Когда я размышляю о всемирной истории, мне хочется попрать ее ногами, но ни с одной красивой девушкой не смог бы я так поступить: отсюда я заключаю, что красивая девушка стоит большего, чем вся всемирная история, и я готов поставить Вилен[113], на берегах которого я так часто предавался утехам и в котором я потом отмывался, против своих дурных поступков, если это не так...

Я был младшим из двух братьев и трех сестер. С детства у меня обнаружилась склонность к уединению, и известные чувства, которым в пору первого цветения доверяешься особенно сильно, наполняли мою фантазию все новыми образами и предметами.

Мой отец арендовал недалеко от Ренна поместье Травемор, одно из многочисленных владений мадмуазель де Саранж, богатейшей наследницы того края. Из года в год мы занимались виноградниками, клеверными полями и садом, и наши вишни были в Ренне нарасхват.

Мой брат сбежал из дому в двенадцать лет, потому что отец однажды нашлепал его по голому заду в присутствии сестер и пары старух; с тех пор я о брате ничего не слыхал.

Моя старшая сестра вышла замуж за богатого священнослужителя из города и часто навещала нас, когда поспевали вишни.

Мы с моими сестрами, Манон и Мадлен, жили с родителями.

Мои сестры были красивы, но их красота меня не трогала. Я видел их обнаженными; во время легкомысленных игр я похотливо задирал им юбки и исподнее, но никогда при этом не возбуждался. Узы крови наделили их сокровенные прелести холодной обыденностью, которую ни одно дерзкое чувство не было в состоянии изгнать.

Но все, чего я не замечал в сестрах, вдвойне поражало меня во всяком приближавшемся ко мне женском существе; поэтому моя история будет неполной, если я не поделюсь с тобой всеми анекдотами из моей чувственной жизни.

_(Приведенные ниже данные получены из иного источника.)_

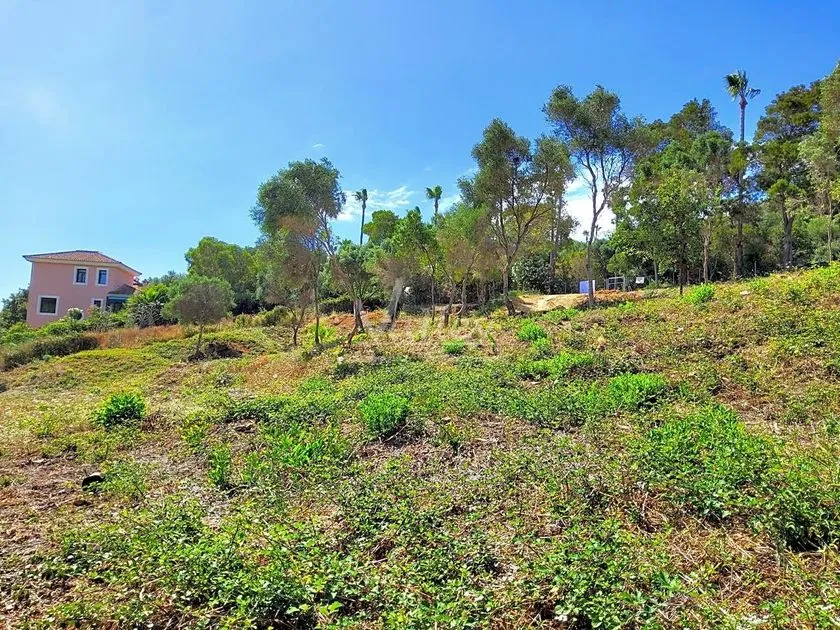 Giardino - Chalet with Garden Views in Sotogrande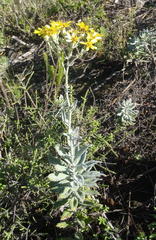 Senecio lineatus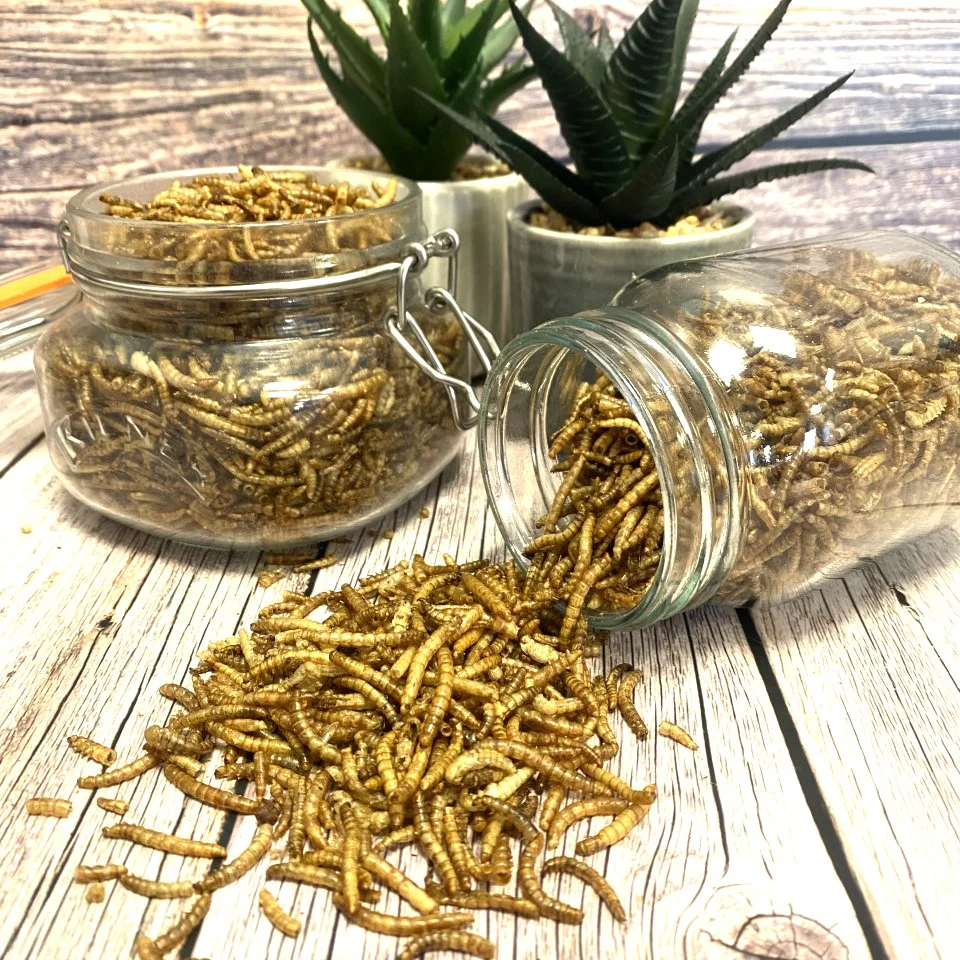 Dried Mealworms - Image 3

Мне исполнилось тринадцать лет, была пора сенокоса, отец послал меня со значительной суммой арендных денег в Ренн к мадмуазель де Саранск, которая тогда собиралась замуж. Недалеко от Вирти, в красивой долине, заросшей ольхами и буками, я заметил премилую девушку, спавшую в траве. Ее лицо было закрыто большой соломенной шляпой, она повернулась во сне, и ее левая коленка обнажилась до серой подвязки. При виде этой коленки по моим жилам разлился электрический огонь, и вот уже мой продолжатель рода стоит готовым к бою, едва завидев поле брани.

«Здесь, Камиль! - сказал я себе. - Здесь должны начаться твои приключения». Недолго думая я нагнулся и увидел под короткой юбкой славную Сефизу[114]; изящная нижняя рубашка закрывала упругие бедра, но то, чего я желал увидеть, я рассмотреть не мог, потому что спящая ворочалась во сне. Я запустил руку ей под исподнее, и легкая дрожь между ее чресл воодушевила меня на победу. Я осторожно поднял ее изящные ножки и увидел между двумя прелестными половинками розовую бабочку (Lithosia rosea), красивую настолько, что моя сладострастная фантазия даже и не мечтала такую поймать.

Я и сейчас с замиранием сердца вспоминаю это первое в моей жизни удовлетворенное желание. Я вынул свой платок, постелил его на колыхаемую ветерком траву, осторожно положил на него нежные ляжки девицы, раздвинул их, задрал ей до пояса одежду и закончил свой труд без малейших затруднений.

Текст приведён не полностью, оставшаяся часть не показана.